The FC Basel 1931–32 season was their thirty ninth season since the club's foundation on 15 November 1893. FC Basel played their home games in the Landhof in the district Wettstein in Kleinbasel. The club's new chairman Franz Rinderer, who took over the presidency from Otto Kuhn at the AGM on 11 July 1931.

Overview 
Last season's coach/manager Austrian Gustav Putzendopler stayed on for his second season as trainer. Fellow Austrian international Otto Haftl signed in from AC Sparta Prague to the team becoming Basel's first ever fully professional football player. During his first season at the club he also acted as player-manager after Putzendopler laid down the job as trainer. The team played a total of 35 matches in their 1931–32 season. 16 of these matches were in the domestic league, six matches in the Swiss Cup and 13 games were friendly matches. Of these 13 friendlies four were played in the Landhof, six other games were also played in Switzerland. Only one was played in Germany against FV Lörrach and another one was played in France against CA Mulhouse. Of the friendly games, ten games ended with a victory, two were drawn and one match ended with a defeat.

The previous season the top tier of Swiss football had three regional groups each with 11 teams. The number of teams was reduced from 33 to 18, which meant that 15 teams were relegated. The newly formed and renamed domestic league, now Nationalliga, started at the end of August. The new 1931–32 Nationalliga was now divided into two groups, each with nine teams, coming from the whole of Switzerland and no longer just regional groups. The top team in each group would advance to the finals. The two second placed teams would have a play-off to decide the third final place and the curiosity this season the second tier champions would also qualify to the finals. Basel were allocated to Group 1. The league season started very badly, they lost their first five games straight off, conceding 27 goals. Not only did Basel change their trainer, but they also changed their goalkeeper and various players. In the second half of the season things improved and with six victories in the last seven games Basel were able to rise from the foot of the table. They finished the season four points above the relegation zone. FC Bern and St. Gallen were relegated from this group, Étoile-Sporting and Old Boys from the other group.

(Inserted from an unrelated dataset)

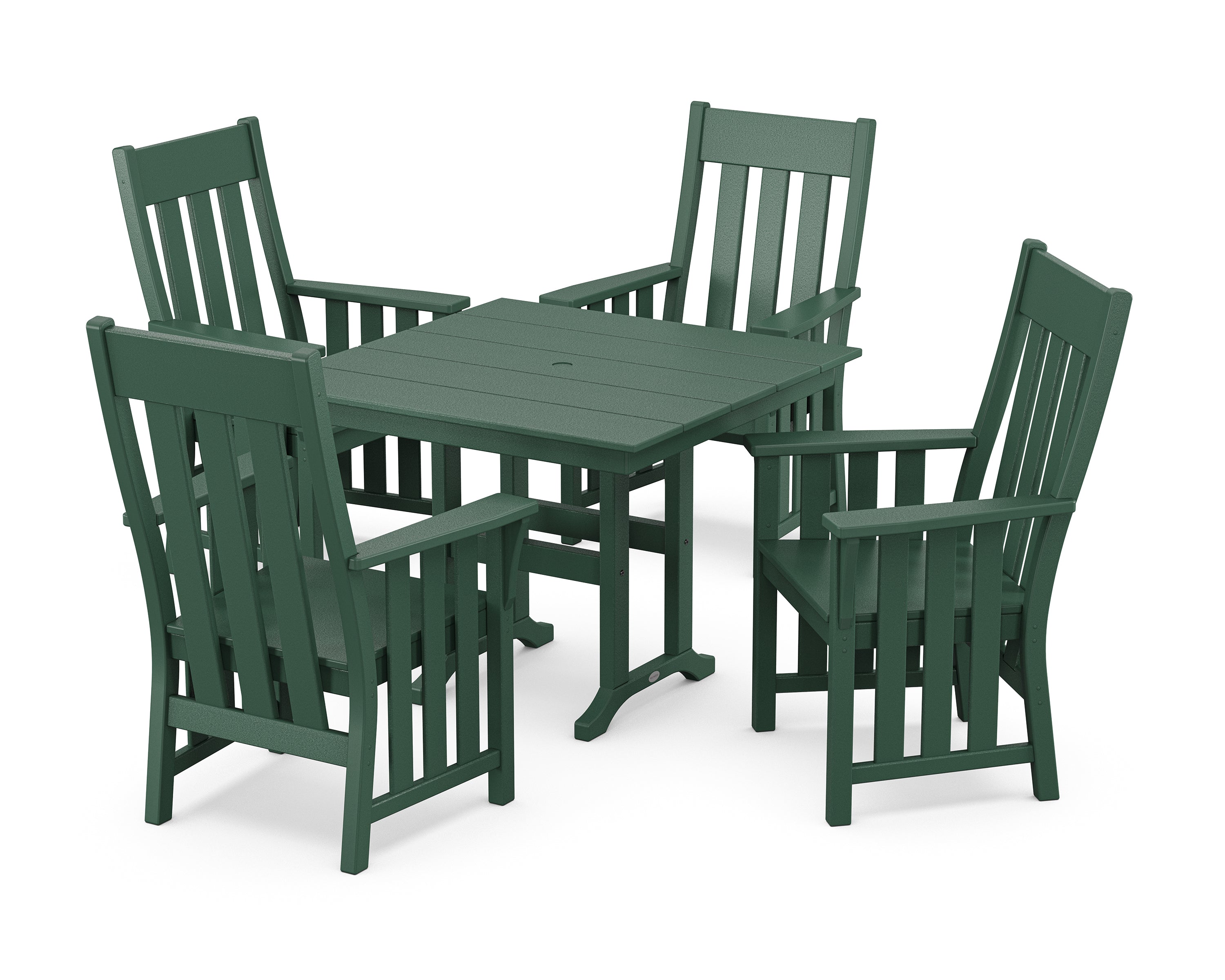Martha Stewart by POLYWOOD Acadia 5-Piece Farmhouse Dining Set in Green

Zürich were group 1 winners and as second placed Urania Genève Sport won the play-off against Biel-Bienne, these two teams advanced to the finals with group 2 winners Grasshopper Club. As mentioned the second tier champions were also qualified for the finals, this being Lausanne-Sport. After the four teams had each played their three games, Zürich and Lausanne were then level, each with four points and a play-off decided the championship. The curiosity that a second-tier team would become Swiss champions happened, because Lausanne won the play-off 5–2.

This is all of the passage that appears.